* Your objective *
Only the opening lines of the listing, through the one with "Gravure sur bois", are to be retyped, each exactly as it stands.

* Data for processing *
++++++++
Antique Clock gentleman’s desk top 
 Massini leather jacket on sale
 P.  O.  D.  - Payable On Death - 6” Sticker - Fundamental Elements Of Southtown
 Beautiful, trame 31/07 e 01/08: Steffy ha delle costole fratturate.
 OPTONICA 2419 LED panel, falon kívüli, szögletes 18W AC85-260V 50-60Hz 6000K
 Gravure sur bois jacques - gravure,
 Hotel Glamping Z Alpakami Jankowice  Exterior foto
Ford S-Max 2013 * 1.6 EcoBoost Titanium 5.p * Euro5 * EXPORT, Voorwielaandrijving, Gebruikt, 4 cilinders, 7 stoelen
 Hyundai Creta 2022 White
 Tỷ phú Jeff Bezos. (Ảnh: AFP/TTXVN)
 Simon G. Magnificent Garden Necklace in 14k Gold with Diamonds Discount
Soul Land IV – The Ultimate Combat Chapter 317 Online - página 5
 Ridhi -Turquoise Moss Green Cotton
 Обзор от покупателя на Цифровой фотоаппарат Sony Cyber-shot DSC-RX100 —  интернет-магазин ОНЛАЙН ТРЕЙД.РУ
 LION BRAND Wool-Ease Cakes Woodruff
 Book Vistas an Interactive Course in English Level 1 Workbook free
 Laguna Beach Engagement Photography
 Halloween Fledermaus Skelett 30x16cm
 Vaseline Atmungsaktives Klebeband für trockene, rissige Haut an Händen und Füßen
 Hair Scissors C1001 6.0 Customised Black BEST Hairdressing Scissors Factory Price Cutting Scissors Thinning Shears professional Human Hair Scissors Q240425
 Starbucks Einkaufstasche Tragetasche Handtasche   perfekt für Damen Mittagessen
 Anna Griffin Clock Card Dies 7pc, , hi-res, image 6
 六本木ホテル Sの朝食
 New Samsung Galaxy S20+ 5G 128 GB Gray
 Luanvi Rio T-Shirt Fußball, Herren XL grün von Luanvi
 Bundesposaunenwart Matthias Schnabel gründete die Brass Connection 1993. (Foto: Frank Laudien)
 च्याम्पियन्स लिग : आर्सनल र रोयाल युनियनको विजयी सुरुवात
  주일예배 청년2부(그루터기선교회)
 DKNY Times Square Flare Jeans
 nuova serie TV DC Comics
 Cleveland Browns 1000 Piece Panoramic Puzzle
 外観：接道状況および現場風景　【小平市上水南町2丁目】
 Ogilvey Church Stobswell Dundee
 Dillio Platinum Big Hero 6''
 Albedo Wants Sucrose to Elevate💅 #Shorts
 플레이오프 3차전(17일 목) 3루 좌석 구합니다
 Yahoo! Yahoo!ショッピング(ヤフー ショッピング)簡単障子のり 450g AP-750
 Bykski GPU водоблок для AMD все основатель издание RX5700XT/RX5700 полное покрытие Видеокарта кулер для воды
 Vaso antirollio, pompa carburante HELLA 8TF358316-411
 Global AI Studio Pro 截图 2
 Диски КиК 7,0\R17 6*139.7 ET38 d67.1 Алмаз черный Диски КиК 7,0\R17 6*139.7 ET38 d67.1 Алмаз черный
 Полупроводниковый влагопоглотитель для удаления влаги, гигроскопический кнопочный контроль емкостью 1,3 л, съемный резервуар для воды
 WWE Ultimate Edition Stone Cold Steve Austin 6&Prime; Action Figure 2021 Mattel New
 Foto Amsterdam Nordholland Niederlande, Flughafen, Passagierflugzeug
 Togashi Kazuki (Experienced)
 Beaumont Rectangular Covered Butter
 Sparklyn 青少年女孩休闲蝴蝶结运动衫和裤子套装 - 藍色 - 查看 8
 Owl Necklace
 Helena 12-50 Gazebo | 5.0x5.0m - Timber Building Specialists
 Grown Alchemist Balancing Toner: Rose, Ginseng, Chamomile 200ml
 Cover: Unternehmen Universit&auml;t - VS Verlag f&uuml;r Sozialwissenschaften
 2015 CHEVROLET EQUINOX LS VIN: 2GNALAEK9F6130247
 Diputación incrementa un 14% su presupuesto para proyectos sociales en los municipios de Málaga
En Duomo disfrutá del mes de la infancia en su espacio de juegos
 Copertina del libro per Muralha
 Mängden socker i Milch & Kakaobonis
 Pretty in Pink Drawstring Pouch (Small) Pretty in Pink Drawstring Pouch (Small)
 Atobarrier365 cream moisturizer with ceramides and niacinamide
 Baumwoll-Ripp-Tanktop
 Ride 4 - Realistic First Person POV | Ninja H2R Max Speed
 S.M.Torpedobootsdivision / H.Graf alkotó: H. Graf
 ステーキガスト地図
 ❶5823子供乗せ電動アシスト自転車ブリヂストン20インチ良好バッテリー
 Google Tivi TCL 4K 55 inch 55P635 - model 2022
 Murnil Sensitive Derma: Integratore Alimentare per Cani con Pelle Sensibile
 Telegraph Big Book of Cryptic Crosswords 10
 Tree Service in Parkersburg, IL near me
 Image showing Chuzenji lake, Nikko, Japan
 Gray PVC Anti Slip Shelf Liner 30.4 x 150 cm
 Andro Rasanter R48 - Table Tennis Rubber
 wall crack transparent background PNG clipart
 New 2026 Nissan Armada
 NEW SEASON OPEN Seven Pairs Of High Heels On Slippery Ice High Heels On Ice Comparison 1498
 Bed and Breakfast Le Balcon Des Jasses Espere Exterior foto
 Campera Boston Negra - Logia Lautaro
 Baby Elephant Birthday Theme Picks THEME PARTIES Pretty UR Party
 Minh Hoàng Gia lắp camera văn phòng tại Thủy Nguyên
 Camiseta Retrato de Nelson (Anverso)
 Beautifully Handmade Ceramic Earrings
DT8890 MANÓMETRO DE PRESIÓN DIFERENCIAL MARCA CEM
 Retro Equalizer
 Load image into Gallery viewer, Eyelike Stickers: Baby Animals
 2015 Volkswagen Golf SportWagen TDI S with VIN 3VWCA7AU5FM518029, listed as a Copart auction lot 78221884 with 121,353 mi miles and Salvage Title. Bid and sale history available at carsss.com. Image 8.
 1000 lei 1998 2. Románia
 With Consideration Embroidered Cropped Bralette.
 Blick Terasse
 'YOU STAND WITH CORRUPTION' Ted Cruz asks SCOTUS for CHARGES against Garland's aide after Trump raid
++++++++
* Task response *
Antique Clock gentleman’s desk top 
 Massini leather jacket on sale
 P.  O.  D.  - Payable On Death - 6” Sticker - Fundamental Elements Of Southtown
 Beautiful, trame 31/07 e 01/08: Steffy ha delle costole fratturate.
 OPTONICA 2419 LED panel, falon kívüli, szögletes 18W AC85-260V 50-60Hz 6000K
 Gravure sur bois jacques - gravure,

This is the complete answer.